Cai Weixin, van der Laan Mark
Division of Biostatistics, University of California, Berkeley, USA.
Int J Biostat. 2020 Aug 10. doi: 10.1515/ijb-2017-0070.
The Highly-Adaptive least absolute shrinkage and selection operator (LASSO) Targeted Minimum Loss Estimator (HAL-TMLE) is an efficient plug-in estimator of a pathwise differentiable parameter in a statistical model that at minimal (and possibly only) assumes that the sectional variation norm of the true nuisance functions (i.e., relevant part of data distribution) are finite. It relies on an initial estimator (HAL-MLE) of the nuisance functions by minimizing the empirical risk over the parameter space under the constraint that the sectional variation norm of the candidate functions are bounded by a constant, where this constant can be selected with cross-validation. In this article we establish that the nonparametric bootstrap for the HAL-TMLE, fixing the value of the sectional variation norm at a value larger or equal than the cross-validation selector, provides a consistent method for estimating the normal limit distribution of the HAL-TMLE. In order to optimize the finite sample coverage of the nonparametric bootstrap confidence intervals, we propose a selection method for this sectional variation norm that is based on running the nonparametric bootstrap for all values of the sectional variation norm larger than the one selected by cross-validation, and subsequently determining a value at which the width of the resulting confidence intervals reaches a plateau. We demonstrate our method for 1) nonparametric estimation of the average treatment effect when observing a covariate vector, binary treatment, and outcome, and for 2) nonparametric estimation of the integral of the square of the multivariate density of the data distribution. In addition, we also present simulation results for these two examples demonstrating the excellent finite sample coverage of bootstrap-based confidence intervals.
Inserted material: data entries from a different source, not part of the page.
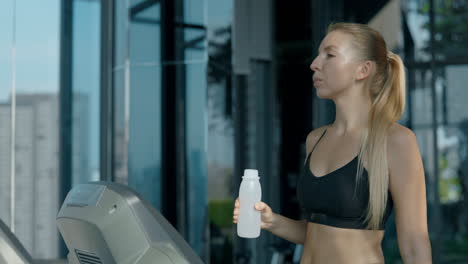 woman hydrating after workout on treadmill at gym
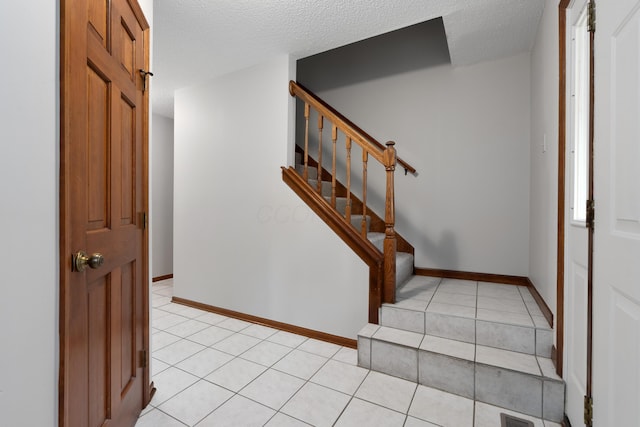 2321 Worthingwoods Blvd, Powell, OH 43065 - entryway with light tile patterned floors, stairs, a textured ceiling, and baseboards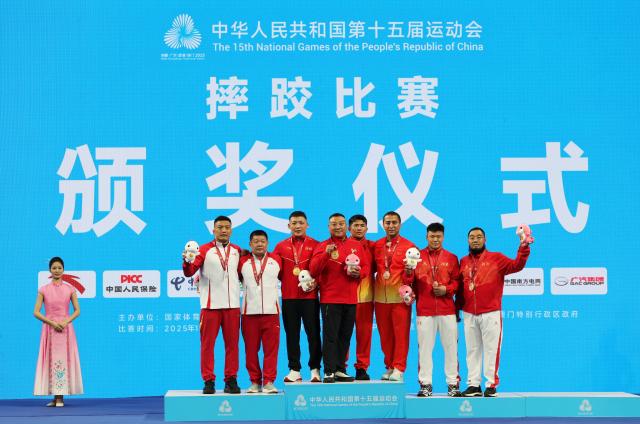 (251112) -- QINGYUAN, Nov. 12, 2025 (Xinhua) -- Gold medalist Li Peilong of Hebei, silver medalist Bi Shengfeng of Shangdong, bronze medalist Zhang Heng of Henan and bronze medalist Ayidusi Hade of Xinjiang pose with their coaches during the awarding ceremony after the men's freestyle 86kg final of wrestling at China's 15th National Games in Qingyuan, south China's Guangdong Province, Nov. 12, 2025. (Xinhua/Li Ran)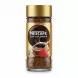 Side view of glass jar with coffee granules and product label of Nescafe Cap Colombia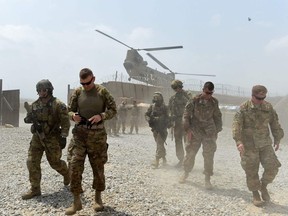 In this file photo taken on Aug. 12, 2015, U.S. army soldiers in Afghanistan walk as a NATO helicopter flies overhead at coalition force Forward Operating Base (FOB) Connelly in the Khogyani district in the eastern province of Nangarhar.
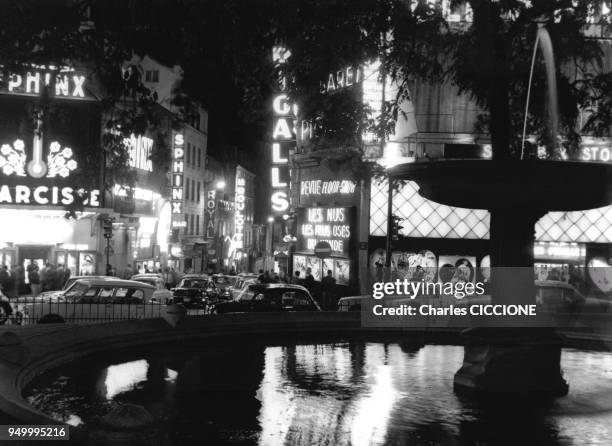 La place Pigalle et ses enseignes lumineuses, de nuit, circa 1960 a Paris, France.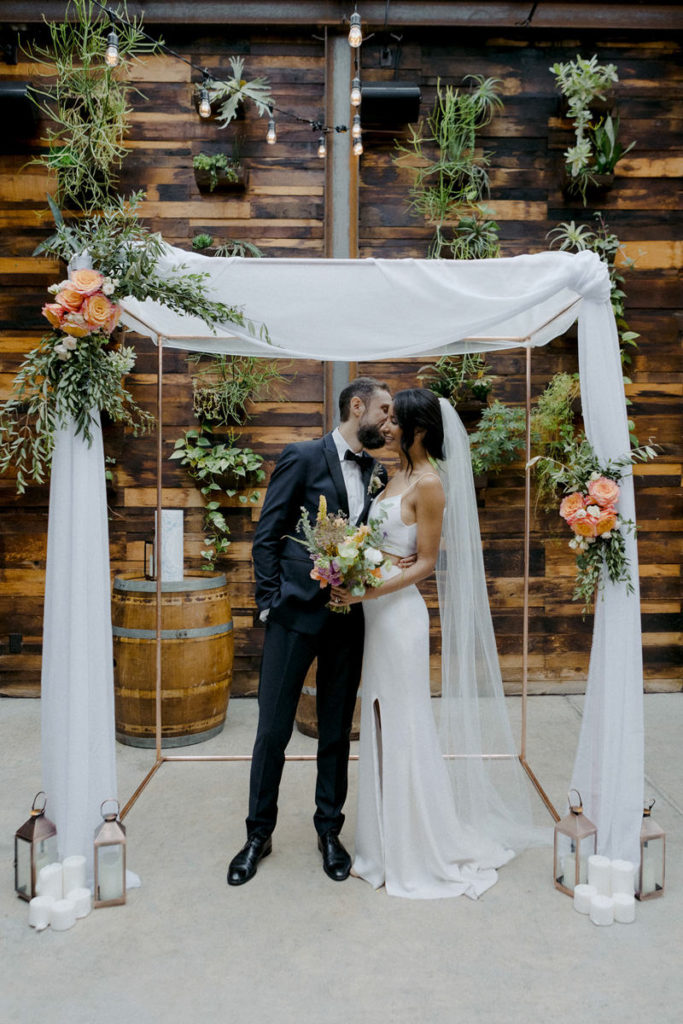 Bride and groom kissing at the Brooklyn Winery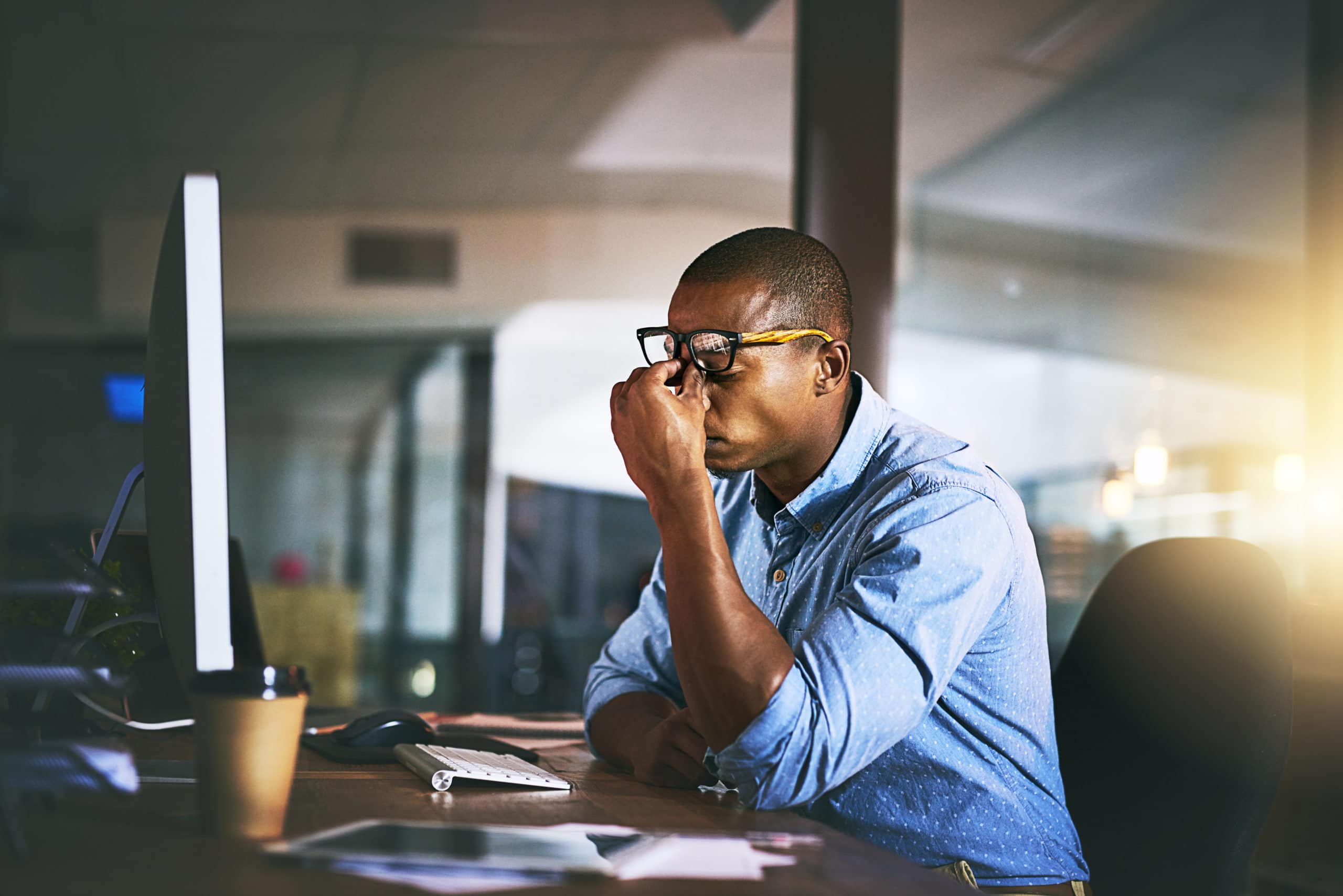 Struggling with lead generation campaigns Man working at a desk looking frustrated with lead generation issues.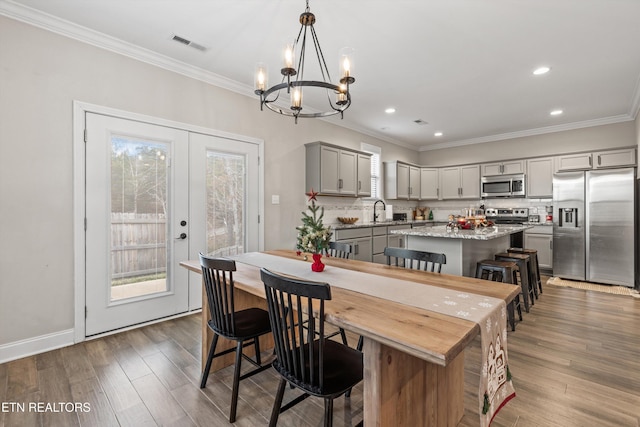 dining area with french doors, crown molding, dark wood-type flooring, sink, and an inviting chandelier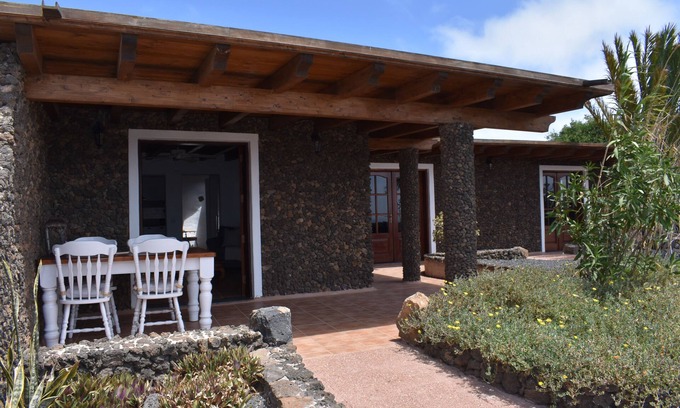 Haria House | Volcanic lava stone house short walk to the beach, sea and mountain views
高度自适应的最小绝对收缩与选择算子(LASSO)靶向最小损失估计器(HAL-TMLE)是统计模型中路径可微参数的一种有效插件估计器,该模型至少(且可能仅)假设真实干扰函数(即数据分布的相关部分)的截面变差范数是有限的。它依赖于干扰函数的初始估计器(HAL-MLE),通过在候选函数的截面变差范数由一个常数界定的约束下,在参数空间上最小化经验风险来得到,其中这个常数可以通过交叉验证来选择。在本文中,我们证明了对于HAL-TMLE的非参数自助法,将截面变差范数的值固定为大于或等于交叉验证选择的值,为估计HAL-TMLE的正态极限分布提供了一种一致的方法。为了优化非参数自助置信区间的有限样本覆盖率,我们提出了一种针对此截面变差范数的选择方法,该方法基于对所有大于交叉验证所选值的截面变差范数进行非参数自助,然后确定一个使得所得置信区间宽度达到平稳的值。我们展示了我们的方法用于1)在观察协变量向量、二元处理和结果时非参数估计平均处理效应,以及2)非参数估计数据分布的多元密度平方的积分。此外,我们还给出了这两个例子的模拟结果,证明了基于自助法的置信区间具有出色的有限样本覆盖率。